SAN JOSE (CN) – A federal judge certified a class of children who want to void purchases they made on Facebook using their parents’ credit cards, but denied the minors’ claims for restitution.
Lead plaintiff I.B. and his respective mother, claim that Facebook’s policy of finalizing all purchases made through its website violates the California Family Code, which voids a contract if the minor “make[s] a contract relating to any personal property not in the immediate control of the minor,” and permits a minor to disaffirm any contract “before majority or within a reasonable time afterwards.”
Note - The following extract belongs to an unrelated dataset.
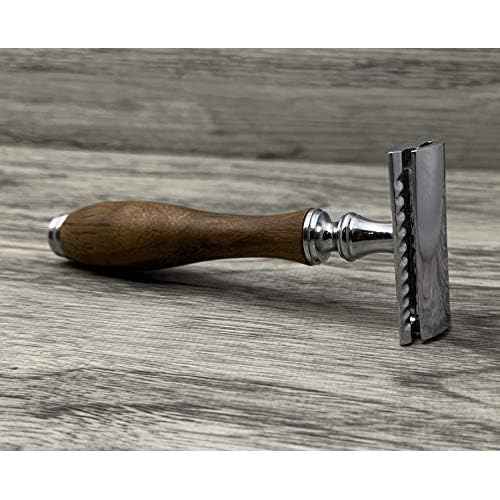 Safety Razor Shaving Kit, Double Edge Razor Blades,Hair shaving Brush wood Handle, Wood Shaving Bowl And Shaving Stand Kit, Wet Shave Grooming Set for Men Best shaving set Gift For Gentleman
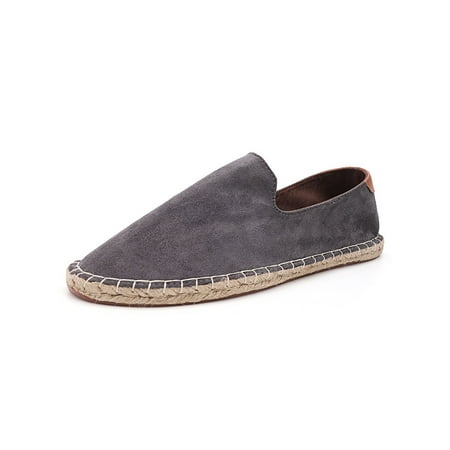 

Rockomi Mens Espadrille Loafers Comfort Espadrilles Non Slip Flats Men Breathable Lightweight Casual Shoes Slip-On Gray 8.5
After using his mother’s credit card to buy Facebook credits for an online game, I.B. says, he did not know the site would store the credit-card information. He claims he thought his subsequent several hundred dollars’ worth of game purchases were being made with “virtual currency.”
Co-plaintiff J.W. took his parents’ debit card without permission and used it to buy more than $1,000 worth of Facebook credits.
U.S. District Judge Claudia Wilken ruled in December 2013 that the minors, but not their parents, could fight Facebook for refunds.
According to U.S. District Judge Beth Labson Freeman’s March 10 ruling to certify the class, the plaintiffs claim that Facebook “routinely refuses requests by children and their parents and legal guardians to provide refunds for transactions that are subject to disaffirmance under California law.”
Freeman ruled that the plaintiffs have standing to seek declaratory and injunctive relief, and certified a class defined as “all Facebook users who are or were minor children according to Facebook’s own records for the four years preceding the date on which the original complaint was filed through the date on which a class is certified.”
She also certified “a subclass of minors from whose Facebook accounts Facebook credits were purchased.”
But the judge sided with Facebook on the plaintiffs’ claims for restitution and monetary relief, since “the amount of monetary damages due each class member, if any, would be dependent on the individual circumstances of each class member, and thus cannot be determined formulaically.”